- [WHAT YOU ARE ASKED TO DO] In the entries below, begin at the line that has "Wearing a balaclava, beanie, hoody, goggles" and stop after the line that has "Portrait of a"; output those lines exactly, leaving out pictures.

- [DATA EXTRACTS]
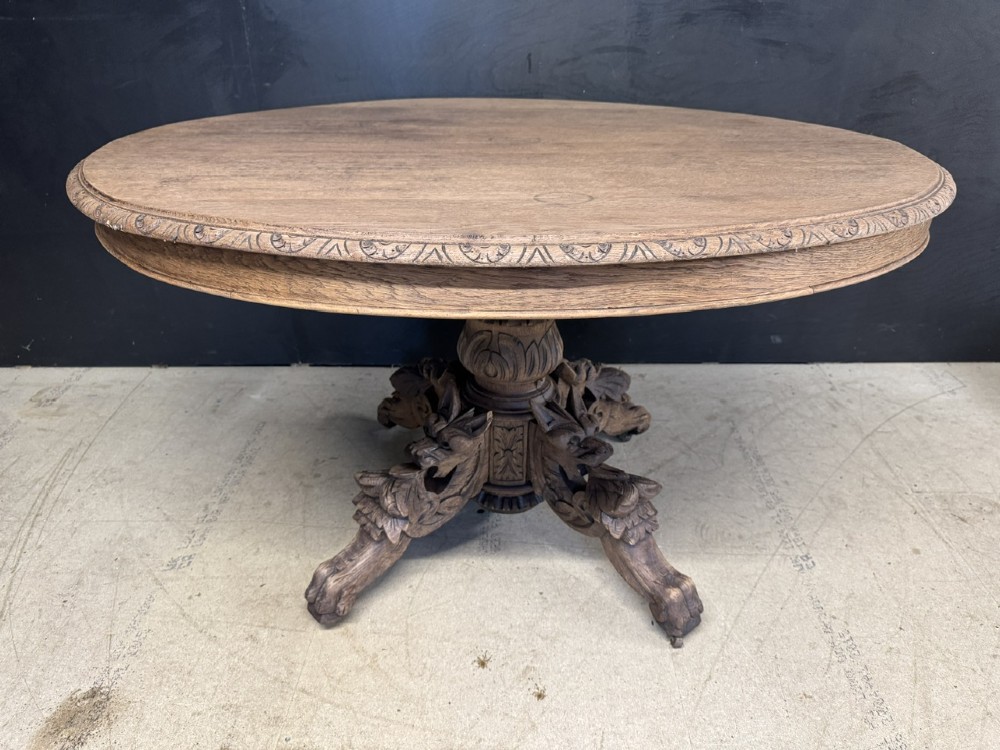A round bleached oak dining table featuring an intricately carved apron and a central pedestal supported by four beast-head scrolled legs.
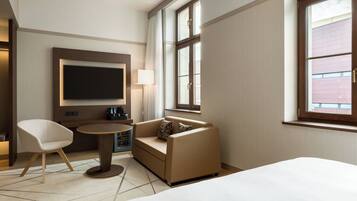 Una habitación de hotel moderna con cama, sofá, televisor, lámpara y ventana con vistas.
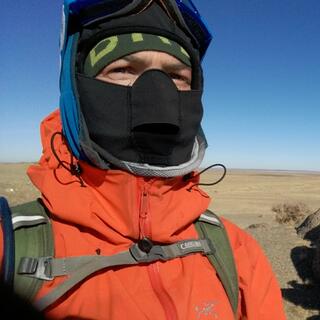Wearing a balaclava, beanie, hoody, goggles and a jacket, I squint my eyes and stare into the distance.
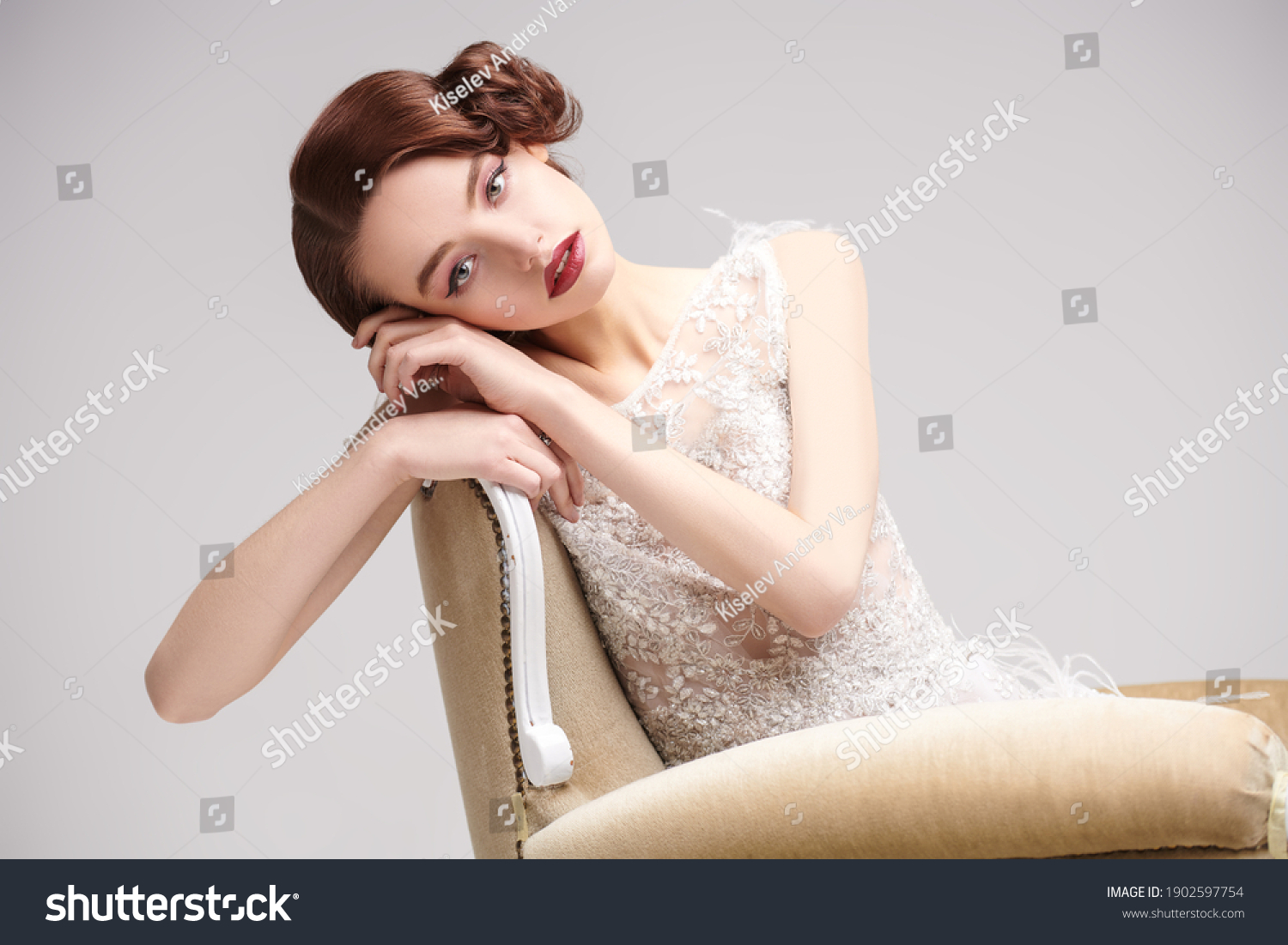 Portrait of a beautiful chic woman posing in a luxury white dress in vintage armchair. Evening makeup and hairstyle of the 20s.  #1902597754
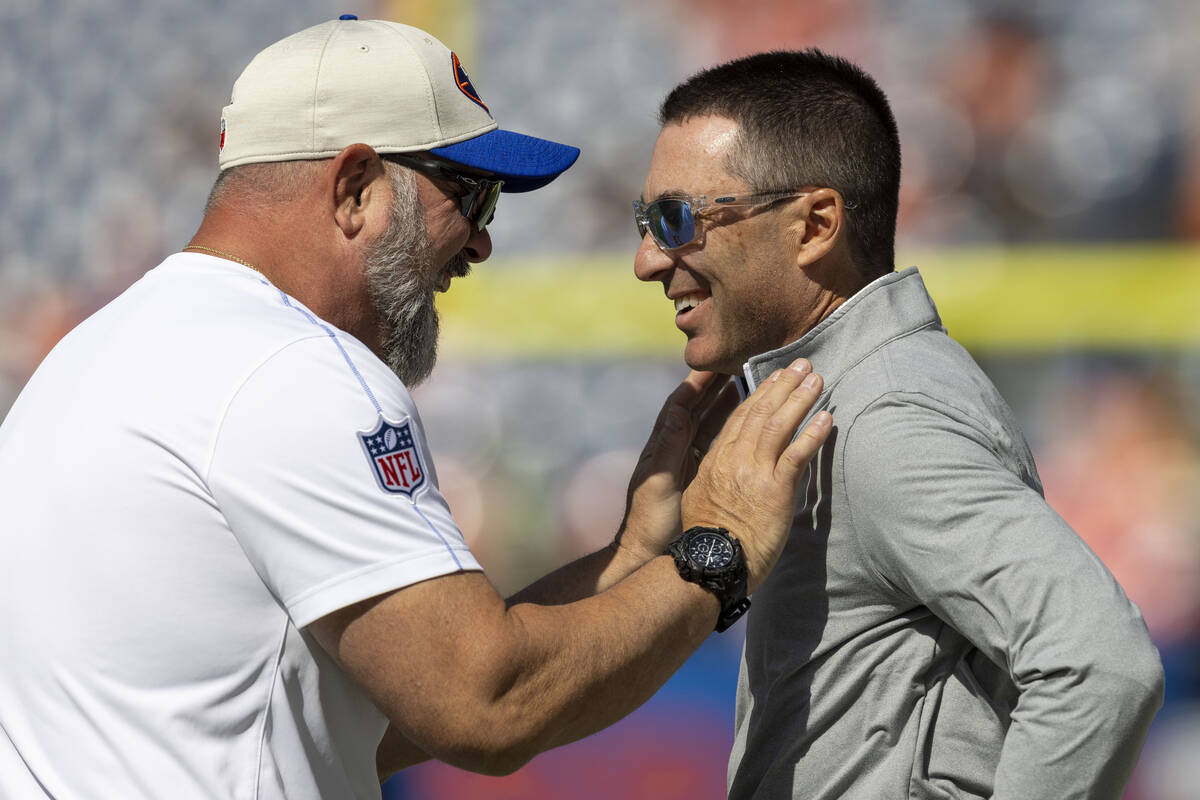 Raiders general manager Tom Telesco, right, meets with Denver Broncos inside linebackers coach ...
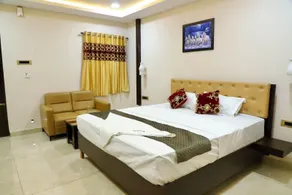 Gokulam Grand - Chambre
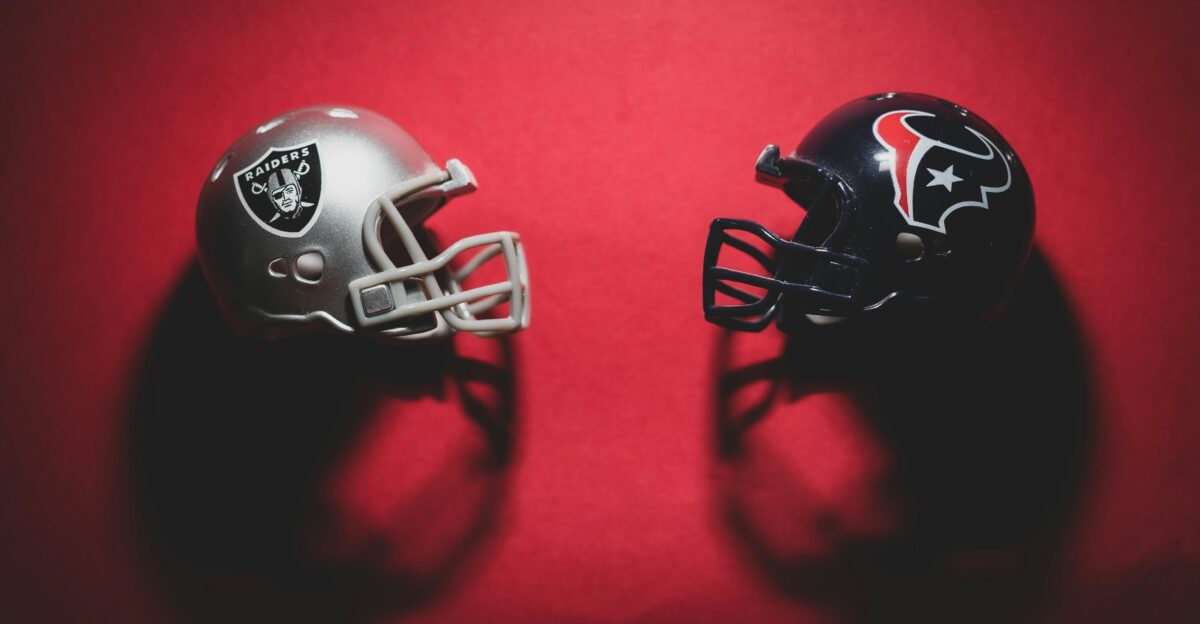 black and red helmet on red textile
---
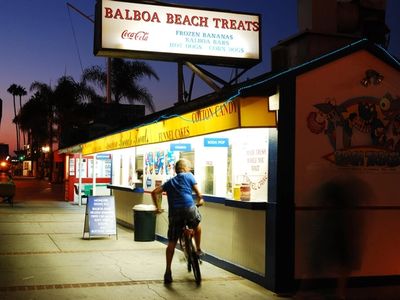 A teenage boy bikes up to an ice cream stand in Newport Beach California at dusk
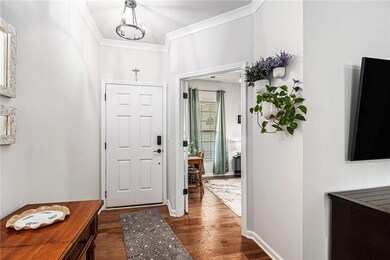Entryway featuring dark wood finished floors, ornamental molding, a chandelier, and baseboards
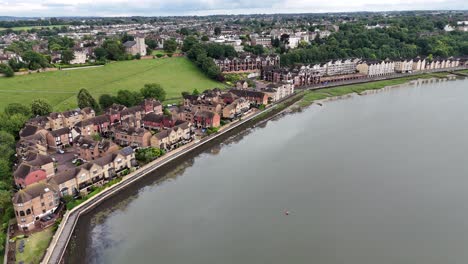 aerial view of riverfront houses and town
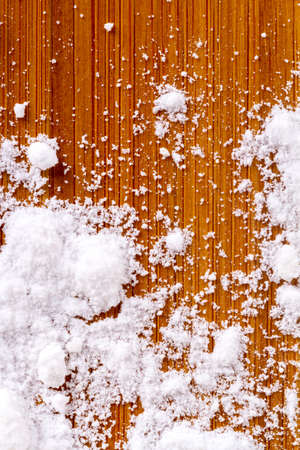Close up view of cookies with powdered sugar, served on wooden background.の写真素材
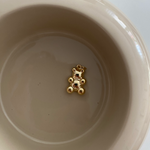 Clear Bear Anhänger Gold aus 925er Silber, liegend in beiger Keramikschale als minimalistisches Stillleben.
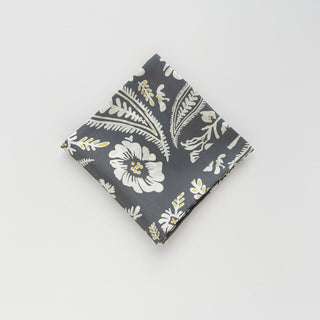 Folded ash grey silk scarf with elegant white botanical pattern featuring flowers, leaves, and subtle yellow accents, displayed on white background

- [WRITTEN RESPONSE]
Wearing a balaclava, beanie, hoody, goggles and a jacket, I squint my eyes and stare into the distance.
 Portrait of a beautiful chic woman posing in a luxury white dress in vintage armchair. Evening makeup and hairstyle of the 20s.  #1902597754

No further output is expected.